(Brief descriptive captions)
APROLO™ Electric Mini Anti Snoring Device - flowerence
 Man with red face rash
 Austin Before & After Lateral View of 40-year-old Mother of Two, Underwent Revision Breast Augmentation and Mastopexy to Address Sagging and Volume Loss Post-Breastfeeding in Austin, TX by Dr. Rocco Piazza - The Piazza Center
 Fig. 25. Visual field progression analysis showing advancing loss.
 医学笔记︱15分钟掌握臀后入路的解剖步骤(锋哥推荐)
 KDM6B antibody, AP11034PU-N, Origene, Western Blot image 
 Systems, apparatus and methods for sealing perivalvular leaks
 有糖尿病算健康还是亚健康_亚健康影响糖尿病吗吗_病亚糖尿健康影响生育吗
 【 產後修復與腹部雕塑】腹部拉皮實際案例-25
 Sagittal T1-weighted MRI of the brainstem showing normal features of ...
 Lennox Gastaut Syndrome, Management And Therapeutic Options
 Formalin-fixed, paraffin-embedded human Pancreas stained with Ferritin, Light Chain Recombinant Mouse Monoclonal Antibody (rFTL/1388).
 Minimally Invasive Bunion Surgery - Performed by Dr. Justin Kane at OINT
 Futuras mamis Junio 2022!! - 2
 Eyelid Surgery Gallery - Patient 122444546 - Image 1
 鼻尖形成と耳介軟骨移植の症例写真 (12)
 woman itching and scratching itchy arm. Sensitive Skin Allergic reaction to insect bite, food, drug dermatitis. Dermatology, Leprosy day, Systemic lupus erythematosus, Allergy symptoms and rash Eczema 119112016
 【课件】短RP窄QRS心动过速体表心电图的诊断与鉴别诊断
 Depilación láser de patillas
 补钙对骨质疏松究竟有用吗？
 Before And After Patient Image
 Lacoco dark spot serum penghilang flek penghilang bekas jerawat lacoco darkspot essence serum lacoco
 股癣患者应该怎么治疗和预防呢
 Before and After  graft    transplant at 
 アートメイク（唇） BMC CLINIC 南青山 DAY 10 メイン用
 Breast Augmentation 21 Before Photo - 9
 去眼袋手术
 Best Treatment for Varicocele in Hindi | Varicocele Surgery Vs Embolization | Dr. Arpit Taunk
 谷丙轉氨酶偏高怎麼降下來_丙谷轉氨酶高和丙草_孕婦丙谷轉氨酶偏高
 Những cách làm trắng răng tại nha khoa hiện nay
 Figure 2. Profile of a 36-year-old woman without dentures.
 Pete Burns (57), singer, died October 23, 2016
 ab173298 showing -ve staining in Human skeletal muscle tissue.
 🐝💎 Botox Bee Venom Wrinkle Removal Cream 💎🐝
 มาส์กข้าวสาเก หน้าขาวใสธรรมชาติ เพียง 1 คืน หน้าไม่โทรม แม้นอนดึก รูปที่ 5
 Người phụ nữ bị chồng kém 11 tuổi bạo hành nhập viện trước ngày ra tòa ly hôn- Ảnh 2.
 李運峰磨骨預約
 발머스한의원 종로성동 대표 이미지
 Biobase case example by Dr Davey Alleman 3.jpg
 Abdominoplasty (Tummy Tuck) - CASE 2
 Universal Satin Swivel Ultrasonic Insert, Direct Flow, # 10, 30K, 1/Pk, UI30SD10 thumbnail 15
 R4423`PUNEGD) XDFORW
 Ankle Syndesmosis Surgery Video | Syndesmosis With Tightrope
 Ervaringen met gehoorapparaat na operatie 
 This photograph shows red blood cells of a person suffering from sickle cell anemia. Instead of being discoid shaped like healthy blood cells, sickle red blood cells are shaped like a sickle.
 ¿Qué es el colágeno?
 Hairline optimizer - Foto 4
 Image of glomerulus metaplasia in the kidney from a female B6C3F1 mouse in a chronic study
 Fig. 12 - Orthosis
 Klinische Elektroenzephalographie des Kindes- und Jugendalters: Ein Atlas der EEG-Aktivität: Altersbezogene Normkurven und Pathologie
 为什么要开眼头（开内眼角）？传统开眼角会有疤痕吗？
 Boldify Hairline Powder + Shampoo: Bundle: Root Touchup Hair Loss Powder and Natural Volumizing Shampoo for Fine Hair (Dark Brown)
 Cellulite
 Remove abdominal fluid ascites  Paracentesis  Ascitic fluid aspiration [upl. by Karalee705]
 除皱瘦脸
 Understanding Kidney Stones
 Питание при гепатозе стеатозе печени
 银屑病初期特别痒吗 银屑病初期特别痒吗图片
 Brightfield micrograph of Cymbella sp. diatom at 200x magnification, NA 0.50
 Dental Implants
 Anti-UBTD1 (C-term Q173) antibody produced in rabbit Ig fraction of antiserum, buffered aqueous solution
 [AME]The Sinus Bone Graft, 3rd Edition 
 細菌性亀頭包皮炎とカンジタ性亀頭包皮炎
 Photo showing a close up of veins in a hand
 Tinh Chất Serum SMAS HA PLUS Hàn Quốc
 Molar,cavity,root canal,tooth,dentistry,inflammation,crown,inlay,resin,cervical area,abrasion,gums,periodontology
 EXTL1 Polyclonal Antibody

Exercise instructions >> The data above should be reproduced in full, word for word.

Response box >>
APROLO™ Electric Mini Anti Snoring Device - flowerence
 Man with red face rash
 Austin Before & After Lateral View of 40-year-old Mother of Two, Underwent Revision Breast Augmentation and Mastopexy to Address Sagging and Volume Loss Post-Breastfeeding in Austin, TX by Dr. Rocco Piazza - The Piazza Center
 Fig. 25. Visual field progression analysis showing advancing loss.
 医学笔记︱15分钟掌握臀后入路的解剖步骤(锋哥推荐)
 KDM6B antibody, AP11034PU-N, Origene, Western Blot image 
 Systems, apparatus and methods for sealing perivalvular leaks
 有糖尿病算健康还是亚健康_亚健康影响糖尿病吗吗_病亚糖尿健康影响生育吗
 【 產後修復與腹部雕塑】腹部拉皮實際案例-25
 Sagittal T1-weighted MRI of the brainstem showing normal features of ...
 Lennox Gastaut Syndrome, Management And Therapeutic Options
 Formalin-fixed, paraffin-embedded human Pancreas stained with Ferritin, Light Chain Recombinant Mouse Monoclonal Antibody (rFTL/1388).
 Minimally Invasive Bunion Surgery - Performed by Dr. Justin Kane at OINT
 Futuras mamis Junio 2022!! - 2
 Eyelid Surgery Gallery - Patient 122444546 - Image 1
 鼻尖形成と耳介軟骨移植の症例写真 (12)
 woman itching and scratching itchy arm. Sensitive Skin Allergic reaction to insect bite, food, drug dermatitis. Dermatology, Leprosy day, Systemic lupus erythematosus, Allergy symptoms and rash Eczema 119112016
 【课件】短RP窄QRS心动过速体表心电图的诊断与鉴别诊断
 Depilación láser de patillas
 补钙对骨质疏松究竟有用吗？
 Before And After Patient Image
 Lacoco dark spot serum penghilang flek penghilang bekas jerawat lacoco darkspot essence serum lacoco
 股癣患者应该怎么治疗和预防呢
 Before and After  graft    transplant at 
 アートメイク（唇） BMC CLINIC 南青山 DAY 10 メイン用
 Breast Augmentation 21 Before Photo - 9
 去眼袋手术
 Best Treatment for Varicocele in Hindi | Varicocele Surgery Vs Embolization | Dr. Arpit Taunk
 谷丙轉氨酶偏高怎麼降下來_丙谷轉氨酶高和丙草_孕婦丙谷轉氨酶偏高
 Những cách làm trắng răng tại nha khoa hiện nay
 Figure 2. Profile of a 36-year-old woman without dentures.
 Pete Burns (57), singer, died October 23, 2016
 ab173298 showing -ve staining in Human skeletal muscle tissue.
 🐝💎 Botox Bee Venom Wrinkle Removal Cream 💎🐝
 มาส์กข้าวสาเก หน้าขาวใสธรรมชาติ เพียง 1 คืน หน้าไม่โทรม แม้นอนดึก รูปที่ 5
 Người phụ nữ bị chồng kém 11 tuổi bạo hành nhập viện trước ngày ra tòa ly hôn- Ảnh 2.
 李運峰磨骨預約
 발머스한의원 종로성동 대표 이미지
 Biobase case example by Dr Davey Alleman 3.jpg
 Abdominoplasty (Tummy Tuck) - CASE 2
 Universal Satin Swivel Ultrasonic Insert, Direct Flow, # 10, 30K, 1/Pk, UI30SD10 thumbnail 15
 R4423`PUNEGD) XDFORW
 Ankle Syndesmosis Surgery Video | Syndesmosis With Tightrope
 Ervaringen met gehoorapparaat na operatie 
 This photograph shows red blood cells of a person suffering from sickle cell anemia. Instead of being discoid shaped like healthy blood cells, sickle red blood cells are shaped like a sickle.
 ¿Qué es el colágeno?
 Hairline optimizer - Foto 4
 Image of glomerulus metaplasia in the kidney from a female B6C3F1 mouse in a chronic study
 Fig. 12 - Orthosis
 Klinische Elektroenzephalographie des Kindes- und Jugendalters: Ein Atlas der EEG-Aktivität: Altersbezogene Normkurven und Pathologie
 为什么要开眼头（开内眼角）？传统开眼角会有疤痕吗？
 Boldify Hairline Powder + Shampoo: Bundle: Root Touchup Hair Loss Powder and Natural Volumizing Shampoo for Fine Hair (Dark Brown)
 Cellulite
 Remove abdominal fluid ascites  Paracentesis  Ascitic fluid aspiration [upl. by Karalee705]
 除皱瘦脸
 Understanding Kidney Stones
 Питание при гепатозе стеатозе печени
 银屑病初期特别痒吗 银屑病初期特别痒吗图片
 Brightfield micrograph of Cymbella sp. diatom at 200x magnification, NA 0.50
 Dental Implants
 Anti-UBTD1 (C-term Q173) antibody produced in rabbit Ig fraction of antiserum, buffered aqueous solution
 [AME]The Sinus Bone Graft, 3rd Edition 
 細菌性亀頭包皮炎とカンジタ性亀頭包皮炎
 Photo showing a close up of veins in a hand
 Tinh Chất Serum SMAS HA PLUS Hàn Quốc
 Molar,cavity,root canal,tooth,dentistry,inflammation,crown,inlay,resin,cervical area,abrasion,gums,periodontology
 EXTL1 Polyclonal Antibody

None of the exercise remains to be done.